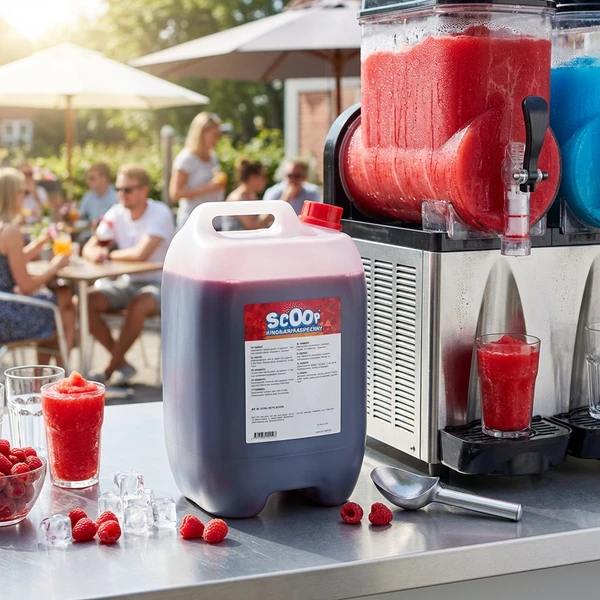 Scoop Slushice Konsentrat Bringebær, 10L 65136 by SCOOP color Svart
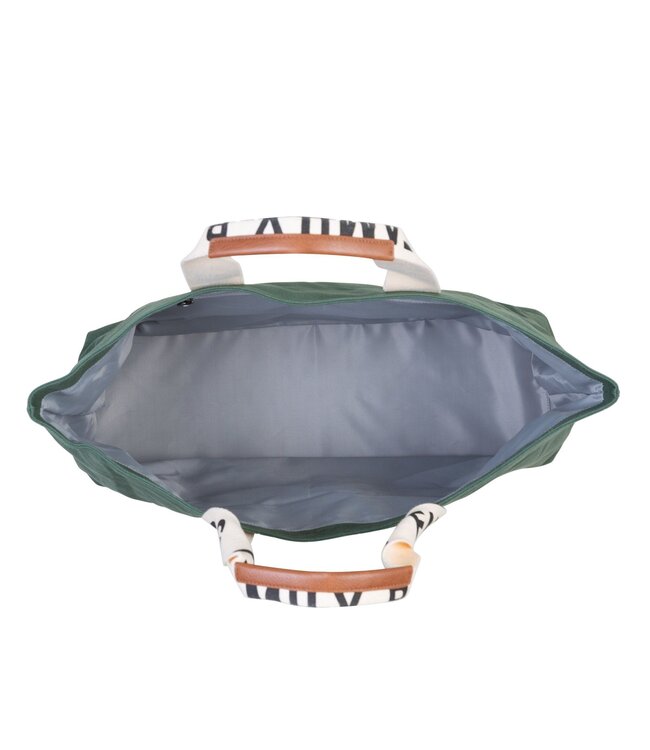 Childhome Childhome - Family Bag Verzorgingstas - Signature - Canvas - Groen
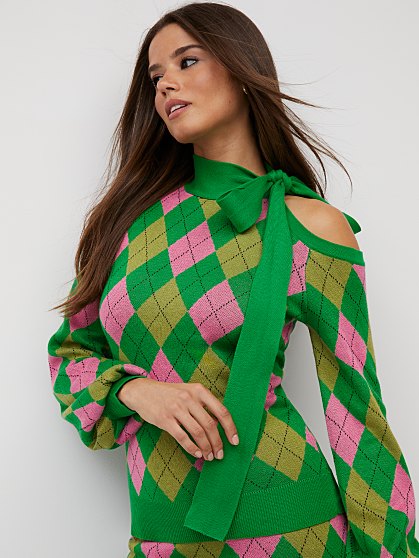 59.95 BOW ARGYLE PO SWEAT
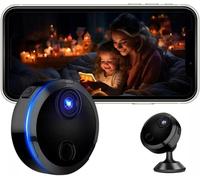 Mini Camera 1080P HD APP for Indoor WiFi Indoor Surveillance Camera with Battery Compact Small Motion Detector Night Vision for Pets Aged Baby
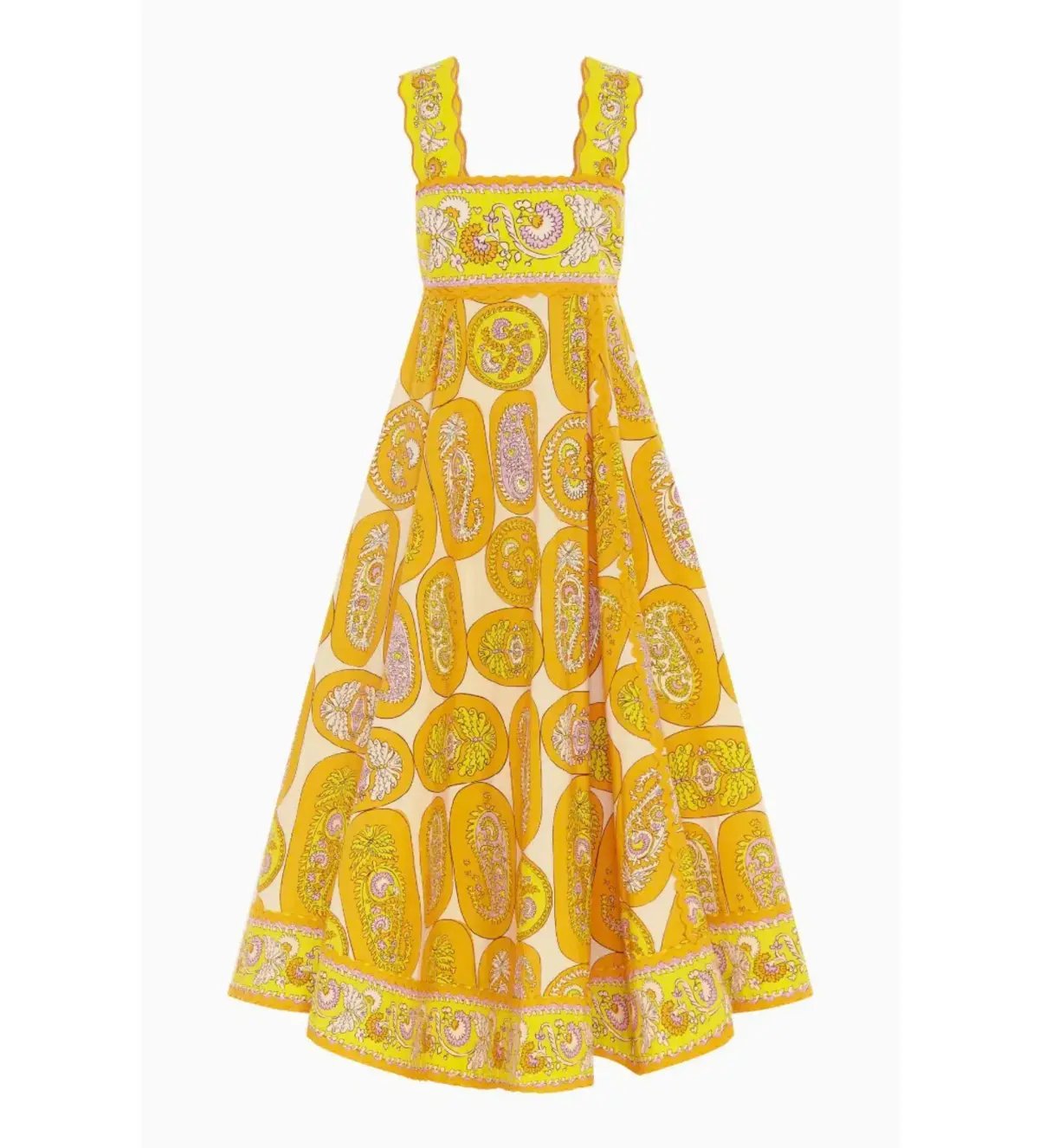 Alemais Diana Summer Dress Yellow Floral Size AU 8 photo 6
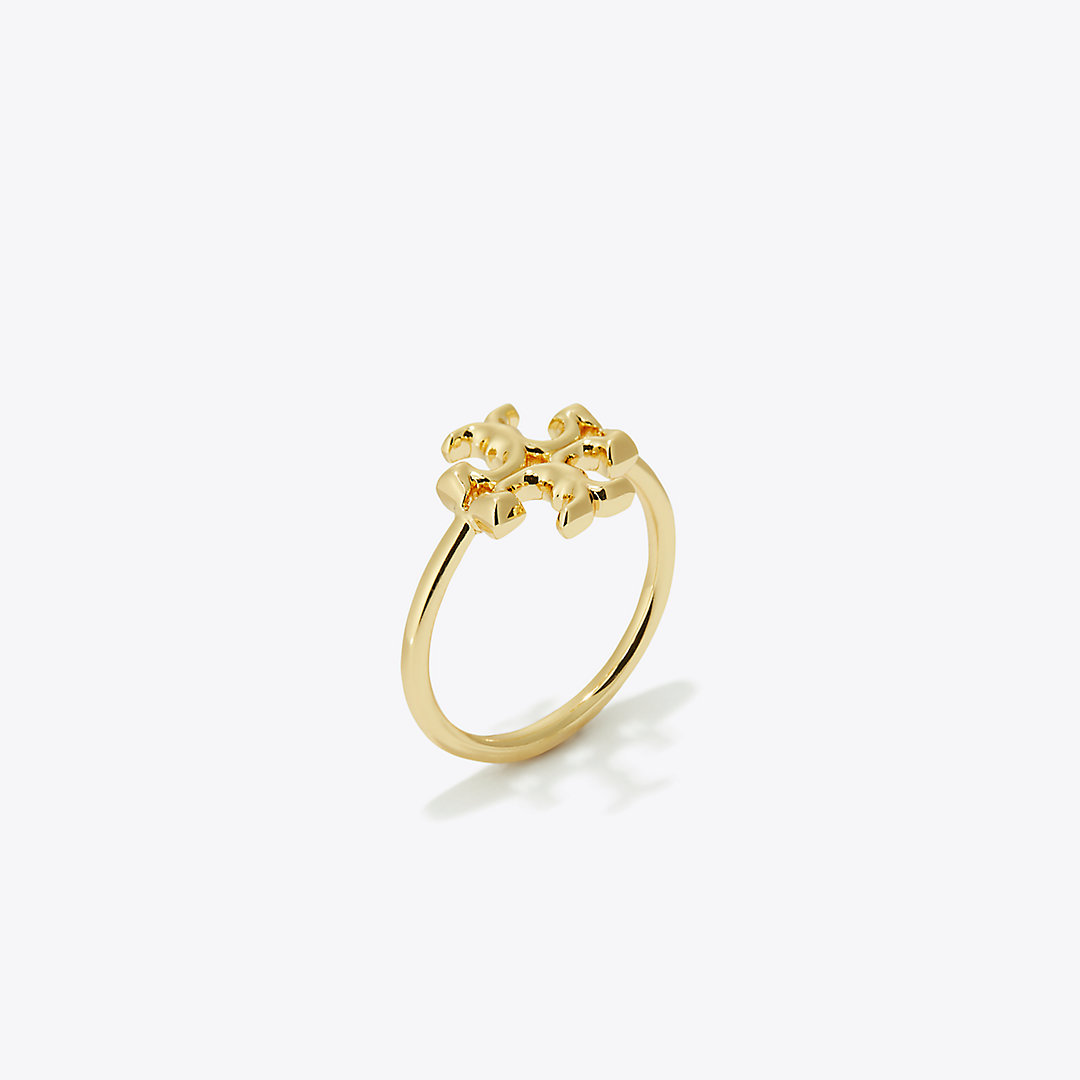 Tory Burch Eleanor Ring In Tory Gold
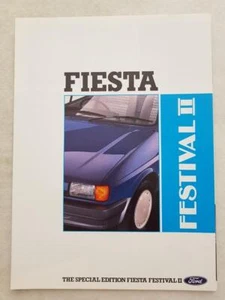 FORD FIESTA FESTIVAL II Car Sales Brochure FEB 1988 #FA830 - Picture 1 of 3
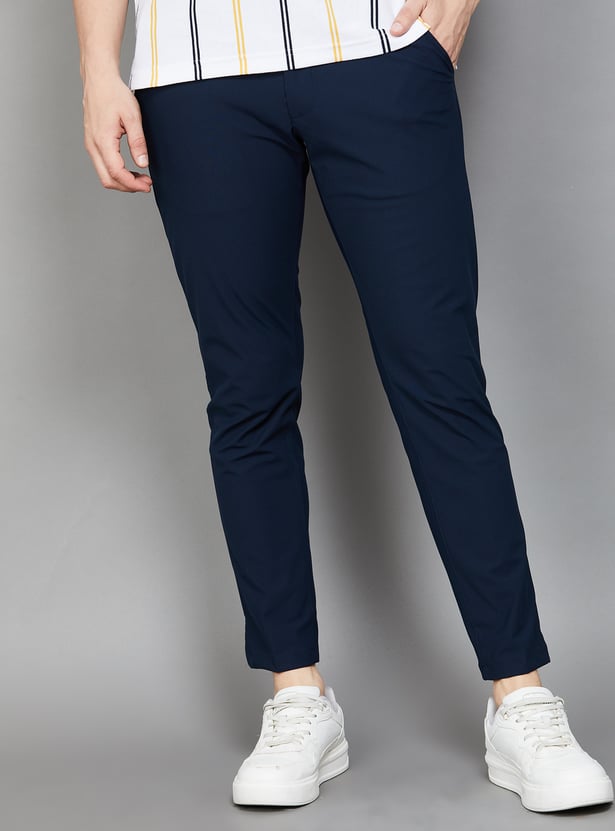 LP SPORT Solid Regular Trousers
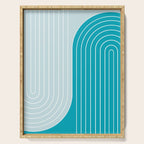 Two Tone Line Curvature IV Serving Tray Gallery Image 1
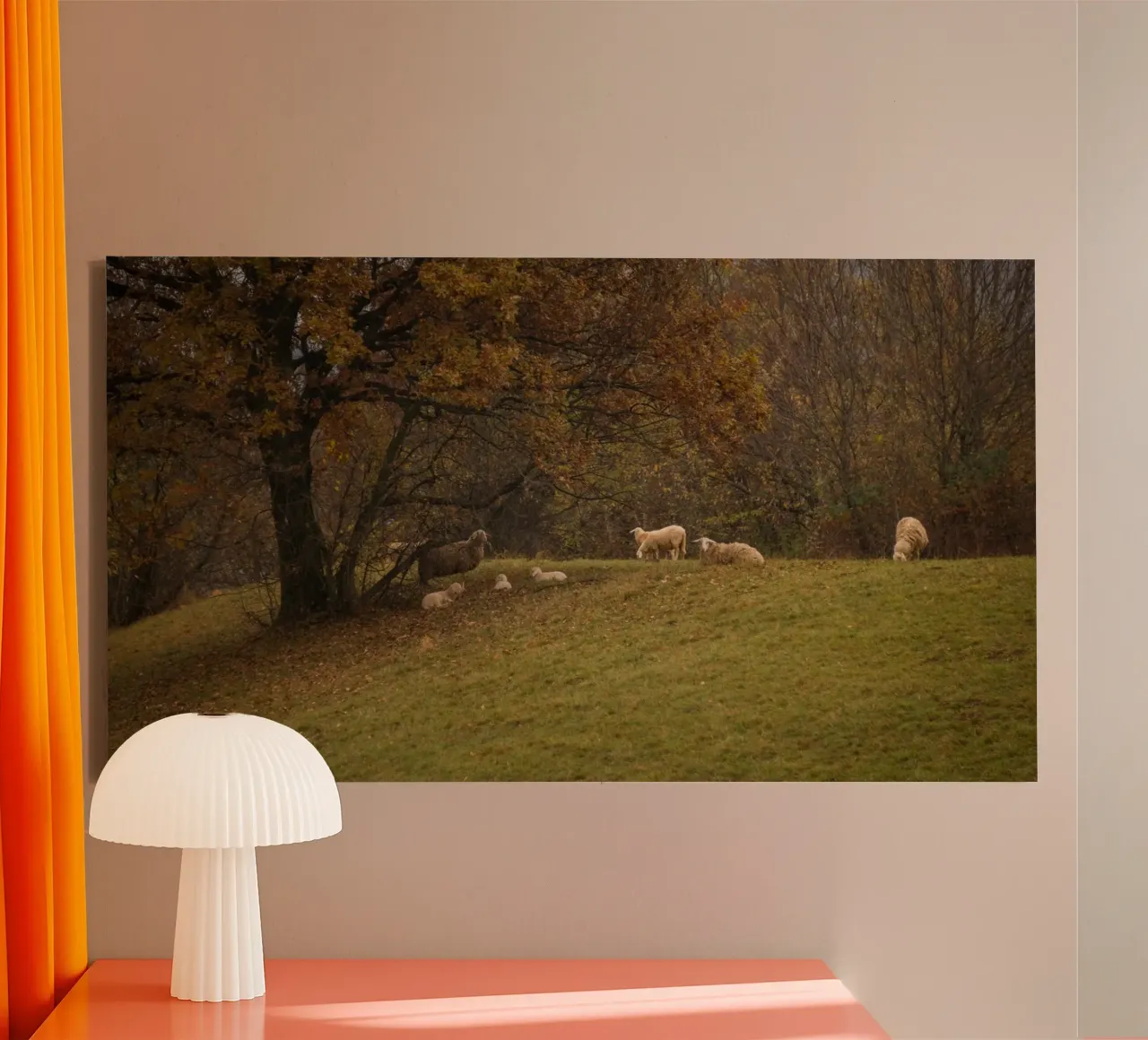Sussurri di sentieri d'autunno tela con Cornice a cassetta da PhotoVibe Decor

ASSIGNMENT | Only one stretch of the listing is wanted: the lines starting at the one with "Childhome Childhome - Family" and ending at the one with "FORD FIESTA FESTIVAL", copied exactly and free of pictures.

WORKED SOLUTION |
 Childhome Childhome - Family Bag Verzorgingstas - Signature - Canvas - Groen
 59.95 BOW ARGYLE PO SWEAT
 Mini Camera 1080P HD APP for Indoor WiFi Indoor Surveillance Camera with Battery Compact Small Motion Detector Night Vision for Pets Aged Baby
 Alemais Diana Summer Dress Yellow Floral Size AU 8 photo 6
 Tory Burch Eleanor Ring In Tory Gold
 FORD FIESTA FESTIVAL II Car Sales Brochure FEB 1988 #FA830 - Picture 1 of 3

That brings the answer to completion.